Море белой пеной сердито выплескивало свои волны на остров, словно и дальше желало следовать за гостями. Но не успело. Гости уже поднялись на пригорок.
* * *Торжественную службу провели в Преображенском соборе. Илья был не в себе: во время молебна то и дело запинался. Видя его растерянное лицо, монахи сердцем чувствовали — произойдет что-то плохое.
После службы гостей повели в трапезную, прибранную и вычищенную к их приезду. Она была низкой, с четырьмя сводами. Кормили всех одновременно, великих и малых. На столах чего только не было!
Князь Хованский с полковником Отяевым допьяна напились, пили и московские стрельцы.

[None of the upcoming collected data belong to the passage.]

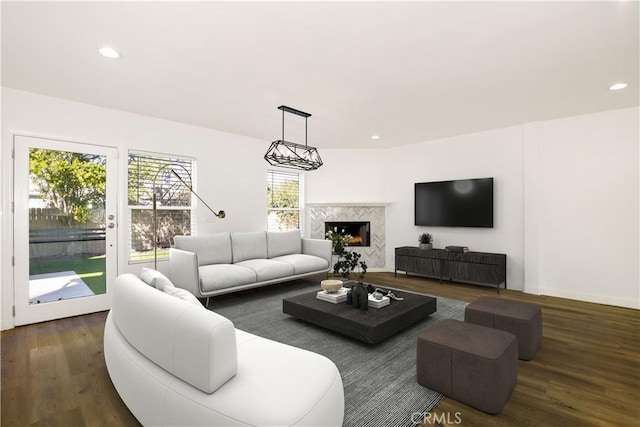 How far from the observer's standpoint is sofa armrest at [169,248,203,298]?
3740 millimetres

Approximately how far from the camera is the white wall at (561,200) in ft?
12.9

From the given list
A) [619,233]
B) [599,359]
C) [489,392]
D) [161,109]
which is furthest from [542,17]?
[161,109]

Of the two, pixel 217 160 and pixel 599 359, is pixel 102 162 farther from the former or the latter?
pixel 599 359

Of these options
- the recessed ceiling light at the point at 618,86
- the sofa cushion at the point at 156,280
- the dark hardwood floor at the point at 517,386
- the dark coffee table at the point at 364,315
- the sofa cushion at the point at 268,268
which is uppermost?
the recessed ceiling light at the point at 618,86

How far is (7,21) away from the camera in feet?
7.00

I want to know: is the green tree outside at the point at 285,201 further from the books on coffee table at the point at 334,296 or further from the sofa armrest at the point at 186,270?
the books on coffee table at the point at 334,296

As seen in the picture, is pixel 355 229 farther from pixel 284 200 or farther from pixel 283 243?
pixel 283 243

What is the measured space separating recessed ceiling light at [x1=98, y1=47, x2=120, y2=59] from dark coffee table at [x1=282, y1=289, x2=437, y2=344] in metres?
2.77

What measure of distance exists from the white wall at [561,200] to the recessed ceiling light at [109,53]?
498cm

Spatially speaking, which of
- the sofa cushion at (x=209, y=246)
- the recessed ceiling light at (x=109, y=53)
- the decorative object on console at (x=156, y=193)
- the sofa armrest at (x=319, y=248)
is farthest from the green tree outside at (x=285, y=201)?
the recessed ceiling light at (x=109, y=53)

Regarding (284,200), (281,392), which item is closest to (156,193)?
(284,200)

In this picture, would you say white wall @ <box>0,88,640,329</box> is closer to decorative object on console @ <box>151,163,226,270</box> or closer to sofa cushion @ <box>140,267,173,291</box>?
decorative object on console @ <box>151,163,226,270</box>

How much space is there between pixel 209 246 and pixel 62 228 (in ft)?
5.53

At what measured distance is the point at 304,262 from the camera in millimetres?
4922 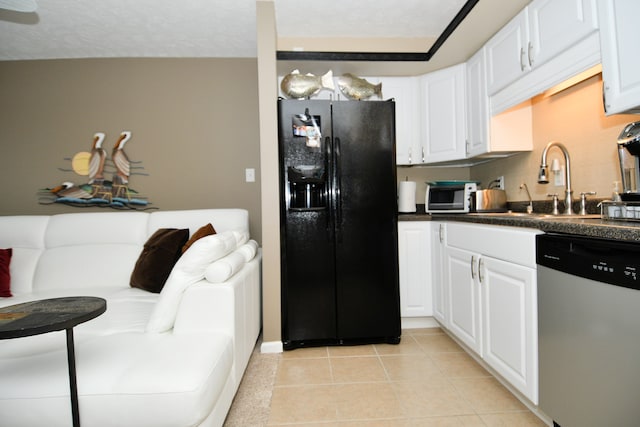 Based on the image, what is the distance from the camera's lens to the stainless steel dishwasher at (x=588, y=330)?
103cm

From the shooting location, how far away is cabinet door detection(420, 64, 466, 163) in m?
2.82

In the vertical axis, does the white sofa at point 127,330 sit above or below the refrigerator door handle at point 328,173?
below

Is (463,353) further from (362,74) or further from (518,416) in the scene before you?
(362,74)

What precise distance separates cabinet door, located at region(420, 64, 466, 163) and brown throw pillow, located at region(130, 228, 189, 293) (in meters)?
2.19

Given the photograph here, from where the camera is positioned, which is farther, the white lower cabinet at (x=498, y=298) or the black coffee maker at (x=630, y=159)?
the white lower cabinet at (x=498, y=298)

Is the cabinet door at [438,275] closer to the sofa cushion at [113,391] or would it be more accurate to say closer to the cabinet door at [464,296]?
the cabinet door at [464,296]

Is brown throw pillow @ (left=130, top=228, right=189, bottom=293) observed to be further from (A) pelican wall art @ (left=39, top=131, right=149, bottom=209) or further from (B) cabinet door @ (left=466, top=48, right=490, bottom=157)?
(B) cabinet door @ (left=466, top=48, right=490, bottom=157)

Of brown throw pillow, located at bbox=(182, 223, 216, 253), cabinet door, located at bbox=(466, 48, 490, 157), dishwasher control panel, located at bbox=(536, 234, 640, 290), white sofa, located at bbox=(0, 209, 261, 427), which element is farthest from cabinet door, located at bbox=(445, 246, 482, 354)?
brown throw pillow, located at bbox=(182, 223, 216, 253)

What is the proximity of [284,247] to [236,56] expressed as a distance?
6.40 feet

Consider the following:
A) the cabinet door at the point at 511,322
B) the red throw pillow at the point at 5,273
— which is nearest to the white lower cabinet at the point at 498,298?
the cabinet door at the point at 511,322

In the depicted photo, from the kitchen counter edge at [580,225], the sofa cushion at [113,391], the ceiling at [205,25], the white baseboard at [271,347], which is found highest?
the ceiling at [205,25]

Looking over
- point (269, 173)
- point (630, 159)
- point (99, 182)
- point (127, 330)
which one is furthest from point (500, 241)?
point (99, 182)

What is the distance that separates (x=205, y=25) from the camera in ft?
8.74

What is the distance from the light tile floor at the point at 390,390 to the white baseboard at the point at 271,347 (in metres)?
0.10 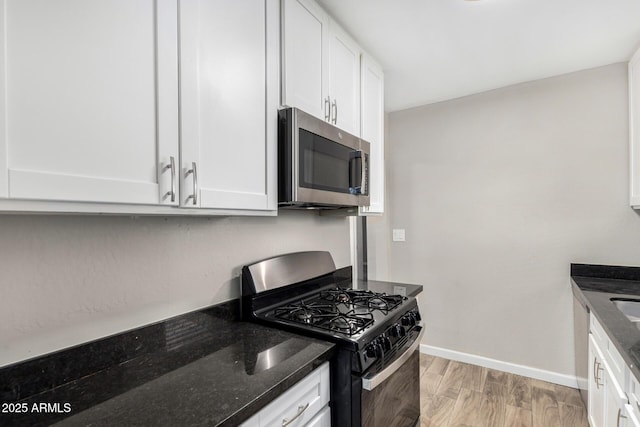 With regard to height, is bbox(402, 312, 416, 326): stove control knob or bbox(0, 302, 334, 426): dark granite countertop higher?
bbox(0, 302, 334, 426): dark granite countertop

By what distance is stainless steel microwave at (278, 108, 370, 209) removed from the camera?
137 cm

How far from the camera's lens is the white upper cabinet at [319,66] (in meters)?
1.43

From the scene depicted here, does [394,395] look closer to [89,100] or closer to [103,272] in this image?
[103,272]

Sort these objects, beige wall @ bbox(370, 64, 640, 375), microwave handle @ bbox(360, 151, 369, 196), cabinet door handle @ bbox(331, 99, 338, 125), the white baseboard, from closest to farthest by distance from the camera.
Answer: cabinet door handle @ bbox(331, 99, 338, 125) < microwave handle @ bbox(360, 151, 369, 196) < beige wall @ bbox(370, 64, 640, 375) < the white baseboard

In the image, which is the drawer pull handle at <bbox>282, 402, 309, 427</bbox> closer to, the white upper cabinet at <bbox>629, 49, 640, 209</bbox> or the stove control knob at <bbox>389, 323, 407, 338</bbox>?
the stove control knob at <bbox>389, 323, 407, 338</bbox>

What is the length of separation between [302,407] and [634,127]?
106 inches

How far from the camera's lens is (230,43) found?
3.76ft

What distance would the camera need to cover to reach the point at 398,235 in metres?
3.21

Никону это не понравилось, и он строго сказал:
— Нашли где жадные желудки набить!
— За такую встречу можно, владыка, — вступился Илья за стрельцов.
Никон посмотрел на него и промолчал, подавив свой гнев. Под шум и застольную суету ему шепнули: в прилеске Илья прячет вооруженных землепашцев. Если гости покажут свой характер, они встанут на защиту.
Митрополит пока не тревожился. После застолья лег на мягкую постель — и тут же уснул.
* * *Пробудился Никон по привычке рано. Но солнце уже висело над горизонтом. Через широкое окно кельи оно смотрело прямо ему в глаза. Митрополит надел рясу и заспешил помолиться к нетленным мощам Филиппа. Не успел дойти до собора, как дорогу ему преградил молодой монах, высоченный, худой как жердь, с удлиненным подбородком. Черные его волосы взлохмачены.
— Ты кто такой? — вздрогнул Никон. — Что делаешь здесь?
— Я сторож святых мощей, Мироном зовут, — грубым голосом ответил тот.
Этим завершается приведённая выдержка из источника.